= Gurneyites =

Evangelical branch of Quakers

Gurneyites are a branch of the Religious Society of Friends, or Quakers. The name originates from sympathy with the ideas of Joseph John Gurney (1788-1847), an English Quaker minister. Gurneyites came about in the 1840s during the second schism in Quakerism. In general, Gurneyite Quakers follow evangelical Christian doctrines on Jesus Christ, the Atonement, and the Bible.

== History ==
Quakerism's first schism occurred in the 1820s & 1830s in the United States. Long Island minister Elias Hicks put forward ideas which he believed to be in line with the roots of Quakerism as found in George Fox, Isaac Penington, and others. These ideas were not universally received. Many Quakers (Friends) felt that some of Hicks' ideas were heterodox and even entered into heresy. Those who followed the ideas of Hicks were called "Hicksite" while those who opposed were deemed "Orthodox." Each side saw themselves as the true continuation of Quakerism.

In 1836, the London Yearly Meeting drafted an epistle where English Friends voiced their support for Evangelical ideas. Heavily involved in the drafting was Quaker minister Joseph John Gurney.

In the 1840s a second schism occurred among the Friends. American Quaker John Wilbur traveled to Britain and believed that Orthodox Friends had shifted too far away from their roots in response to the Hicksites.

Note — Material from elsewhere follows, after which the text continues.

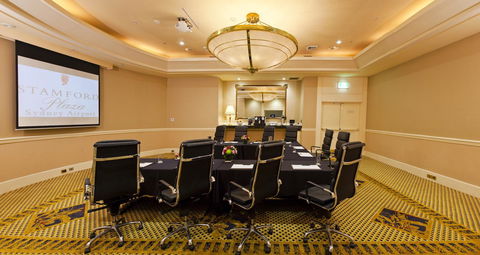 Stamford Plaza Sydney Airport Hotel & Conference Centre - Tourism Caloundra 24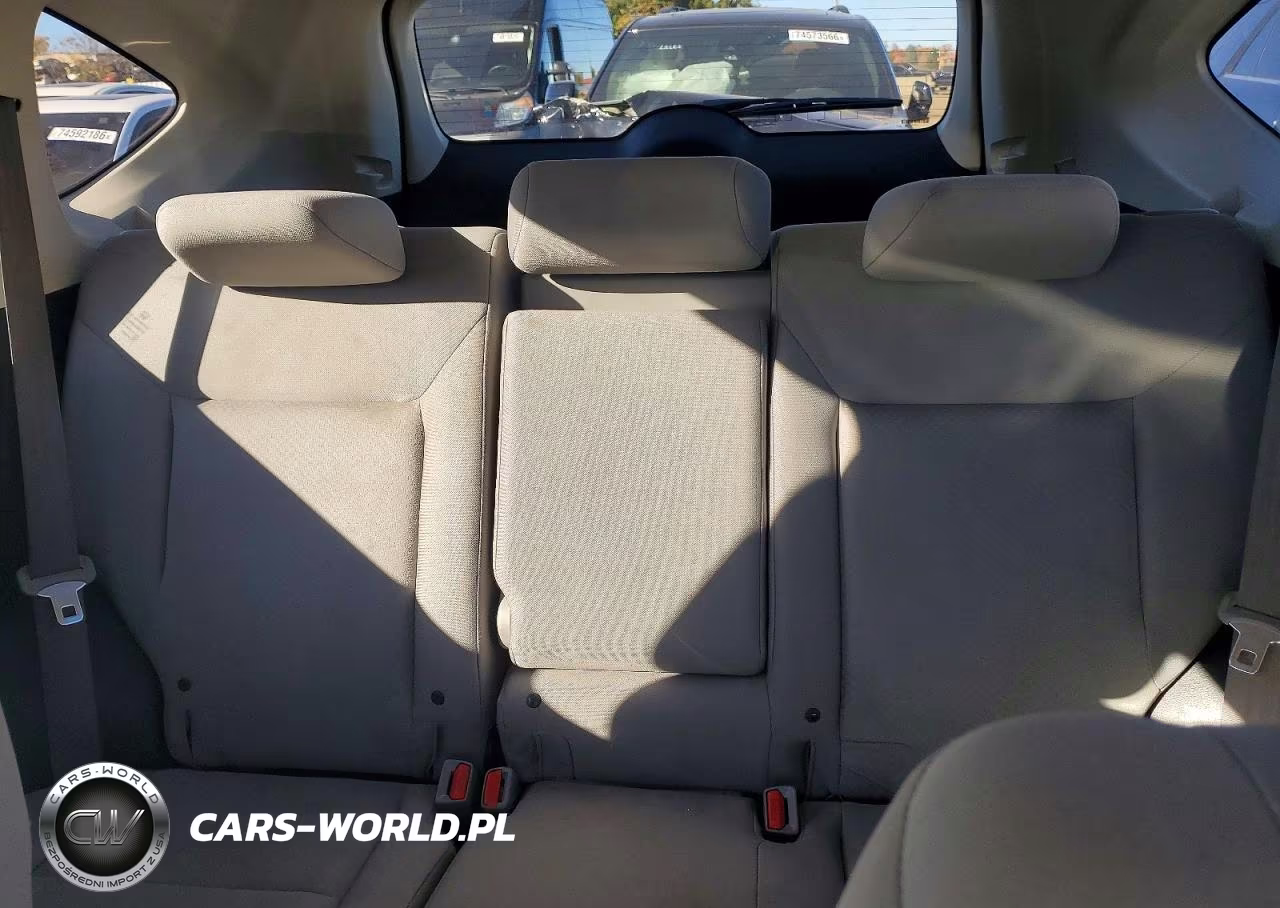 2015 Honda Cr-V Ex VIN:5J6RM4H51FL108342 - 10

He felt that Quakerism was becoming indistinguishable from other Christian denominations. Wilbur, like Hicks before him, put more emphasis on the Quaker idea of the Inward light, which had similarities to later charismatic concepts. Those who aligned with Wilbur's ideas back in the United States became known as "Wilburites", separating from the Orthodox Friends. In response, Gurney traveled to the US and began to campaign against this new move away from Mainline Christianity.

Gurney put greater emphasis on the Bible and evangelicalism, while reducing emphasis on the Inward Light. Orthodox Friends who resisted Wilbur became known as "Gurneyites." As with the Hicksite-Orthodox division, both branches saw themselves as proper Quakerism. This schism, like the one before it, caused numerous Monthly and Yearly Meetings (associations) to split into Wilburite & Gurneyite counterparts. This major split in Quakerism continues to today, however, some meetings have partly reconciled since the 1950s.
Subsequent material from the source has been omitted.